The answer is probably not. Under the forward funding bill, the state would dedicate a revenue source to the T, making the expenditure of that revenue source an off-budget item. Each year, the state would allocate funds equal to 20% of the total sales tax revenue collected by the state to the newly created MBTA State and Local Contribution Fund. From that fund the state treasurer [would be] ... authorized and directed to disburse amounts in the funds to the MBTA, without further appropriation, upon the request ... of the general manager of said authority.
While this would end the practice of routinely picking up the MBTA tab retroactively, it would deny the state any authority over MBTA use of the dedicated revenue stream. Having been unable to say no to the MBTA in the past, the state would now offer a permanent yes. The state would relinquish any right to oversee the expenditure of hundreds of millions of taxpayer dollars.

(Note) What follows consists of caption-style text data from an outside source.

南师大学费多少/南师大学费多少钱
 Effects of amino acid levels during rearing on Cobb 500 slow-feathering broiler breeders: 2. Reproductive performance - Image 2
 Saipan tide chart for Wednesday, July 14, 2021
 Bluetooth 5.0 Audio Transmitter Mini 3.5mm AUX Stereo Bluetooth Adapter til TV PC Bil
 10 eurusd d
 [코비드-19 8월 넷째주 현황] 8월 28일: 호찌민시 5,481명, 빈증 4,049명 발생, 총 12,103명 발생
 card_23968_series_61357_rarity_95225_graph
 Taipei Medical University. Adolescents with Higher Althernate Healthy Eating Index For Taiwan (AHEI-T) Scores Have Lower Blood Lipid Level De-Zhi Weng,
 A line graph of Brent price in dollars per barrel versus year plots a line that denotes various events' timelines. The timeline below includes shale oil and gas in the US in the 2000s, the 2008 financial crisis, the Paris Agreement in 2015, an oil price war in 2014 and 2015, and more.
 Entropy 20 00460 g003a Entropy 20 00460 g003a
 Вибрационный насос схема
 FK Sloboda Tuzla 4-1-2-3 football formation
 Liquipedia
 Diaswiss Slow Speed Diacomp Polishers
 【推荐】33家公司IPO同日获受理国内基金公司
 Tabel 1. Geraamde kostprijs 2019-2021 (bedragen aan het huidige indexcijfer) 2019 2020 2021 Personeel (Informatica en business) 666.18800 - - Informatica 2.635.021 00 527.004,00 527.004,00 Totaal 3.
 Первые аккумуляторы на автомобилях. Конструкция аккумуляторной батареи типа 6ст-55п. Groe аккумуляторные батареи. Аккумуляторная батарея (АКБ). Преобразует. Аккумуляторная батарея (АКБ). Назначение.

Since 1993 state sales tax receipts have been increasing at a 5.7% annual rate. In 1998, the state collected $2.962 billion in sales and use taxes. If the MBTA had been forward funded with 20% of these revenues in 1998, it would have received $592 million from the state. In contrast, the state's actual obligation to the MBTA was $530 million (indicated by the Commonwealth of Massachusetts information statement of May 5, 1998, A31), $62 million less than it would have received under forward funding. The MBTA gets a $62 million or 10% bonus for agreeing to use state money to pay its bills on time.
If current trends continue, the MBTA will run a $660 million budget in FY 2000. The state is expected to spend $570 million on the MBTA, and the bonus for switching to the new system will have risen to $90 million.
The downside for the MBTA is that sales tax receipts are subject to cyclical ups and downs. The bonus could become a shortfall in a bad year. Since the MBTA is obliged to pay any debt obligation before meeting operating expenses, it might have to slow the growth of its operating expenses should an economic downturn occur.
This is, however, a poor form of fiscal discipline. Forward funding of the kind proposed here imposes no meaningful restraint on MBTA spending. The legislature, having refused to say no in the past, now simply shuts its eyes, hands over a hefty revenue stream and tells the MBTA to go and spend as it wishes. If the legislature is lucky, the taxpayers will never notice.